# [WHAT TO DO]
Would you restate, word for word, only the lines starting at the one with "Sigmund Freud's spectacles" and ending with the final line of the entries below? Pictures stay out.

┌─ AVAILABLE RECORDS

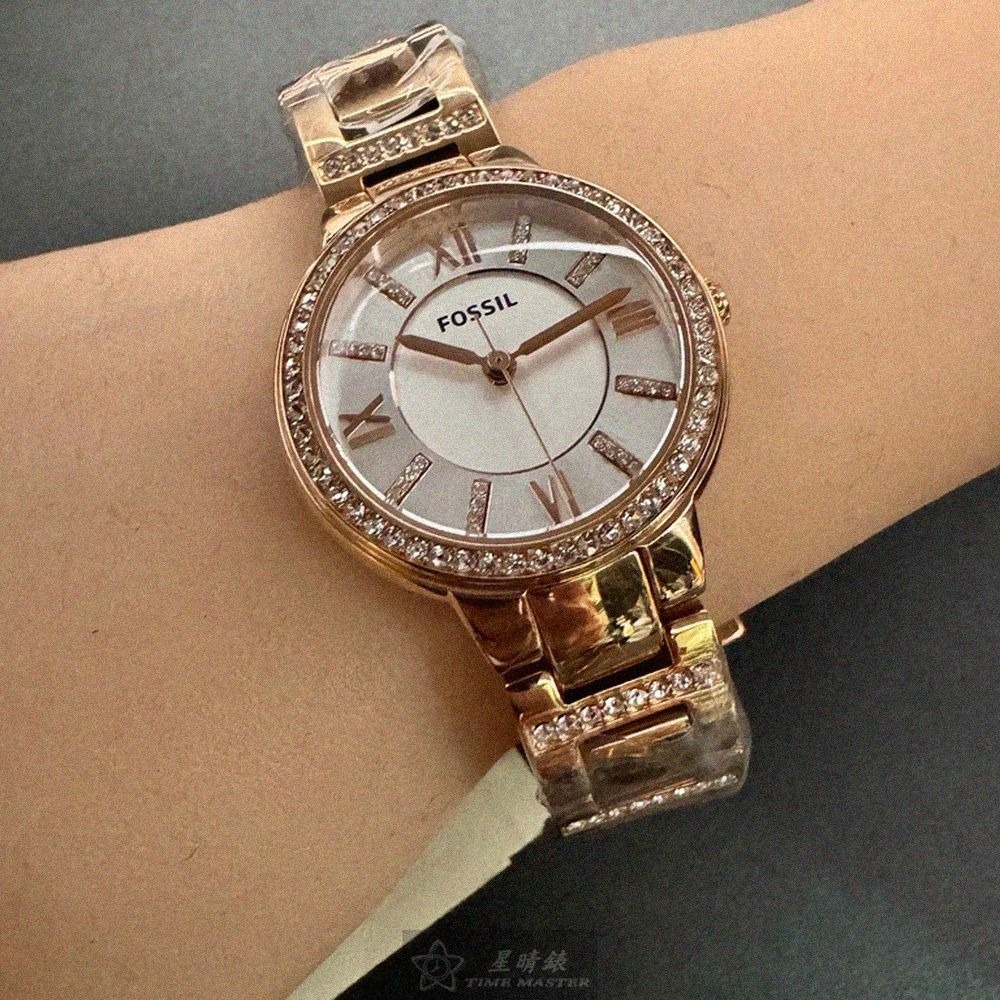 FOSSIL手錶,編號FS00132,36mm金色圓形精鋼錶殼,白色簡約, 羅馬數字, 中三針顯示錶面,金色精鋼錶帶款-細節圖9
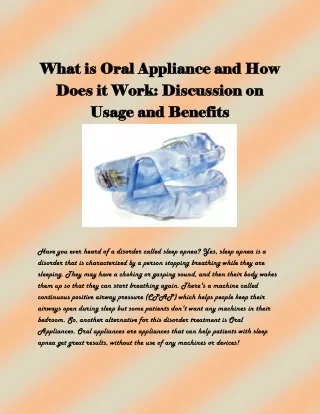 what is oral appliance and how what is oral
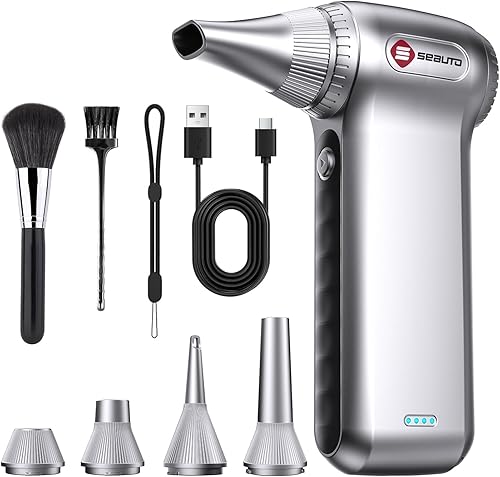 Plumero eléctrico inalámbrico de 125,000 rpm, soplador de aire comprimido recargable para PC, teclado, electrónica, limpieza del automóvil y del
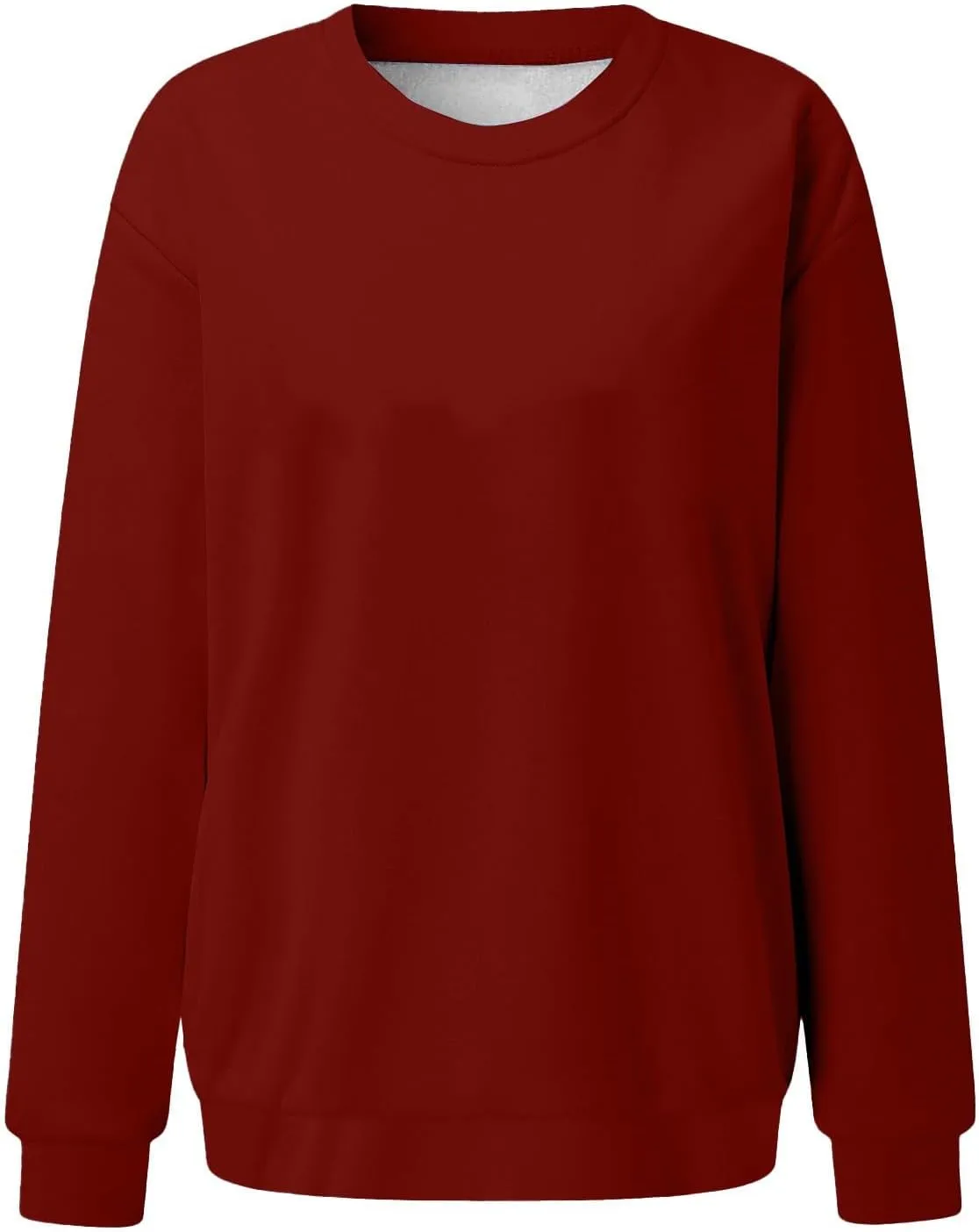 Women Solid Color Sweatshirt Long Sleeve Crewneck Pullover Fit Comfy Shirts Blouses 2025 Spring Fall Casual Tops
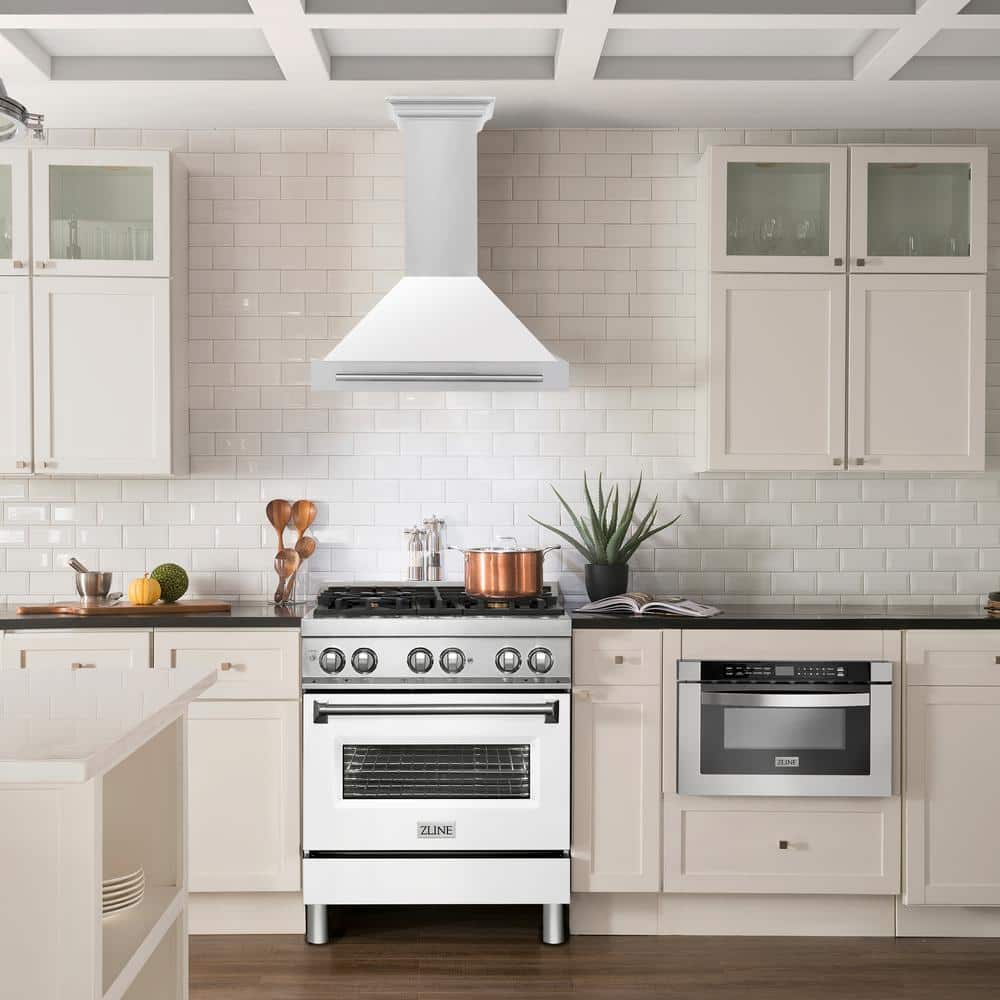 30" White Matte and Stainless Steel Wall Mounted Range Hood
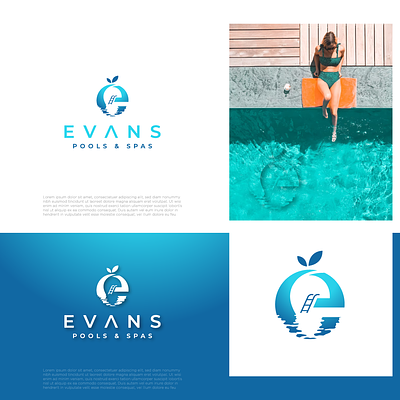 Evans Pools & Spa abstract hotel lifestyle logo logo design luxury modern pools spa travel vacation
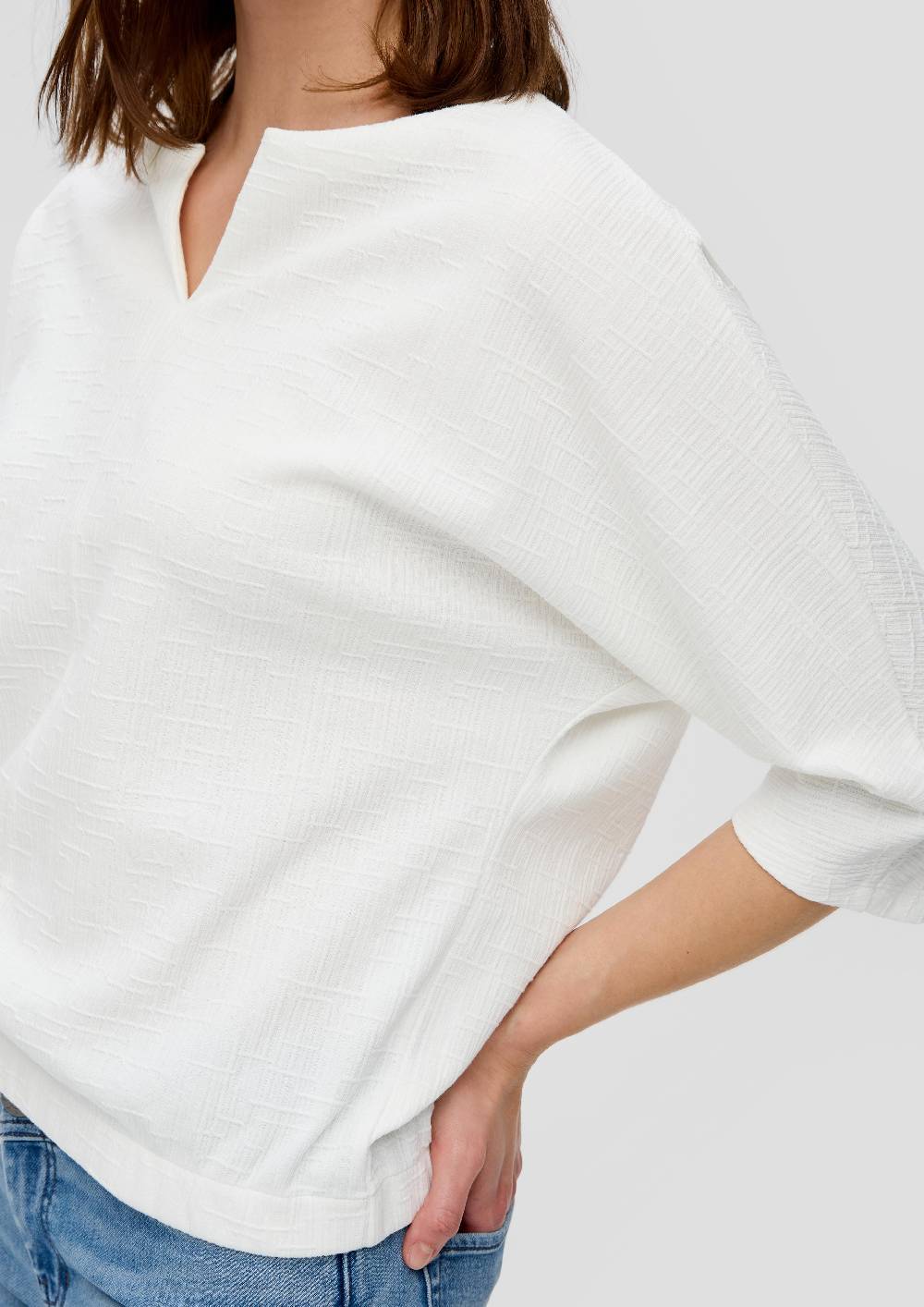 S.Oliver Jerseyshirt Mit O-Shape Und Musterstruktur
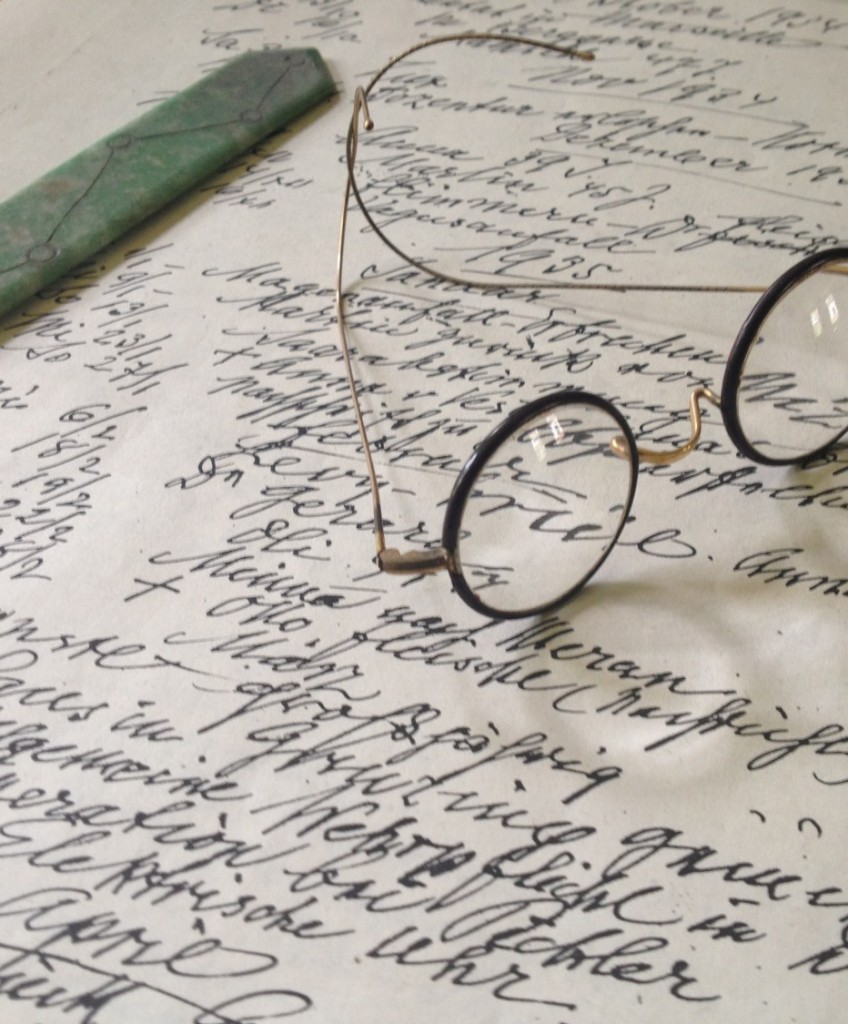 Sigmund Freud's spectacles on his desk at the Freud Museum, London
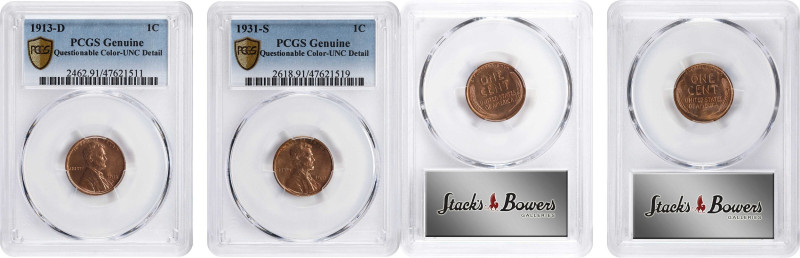 Lot of (2) Better Date Lincoln Cents. Unc Details--Questionable Color (PCGS).
...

└─

# [RESPONSE AREA]
 Sigmund Freud's spectacles on his desk at the Freud Museum, London
 Lot of (2) Better Date Lincoln Cents. Unc Details--Questionable Color (PCGS).
...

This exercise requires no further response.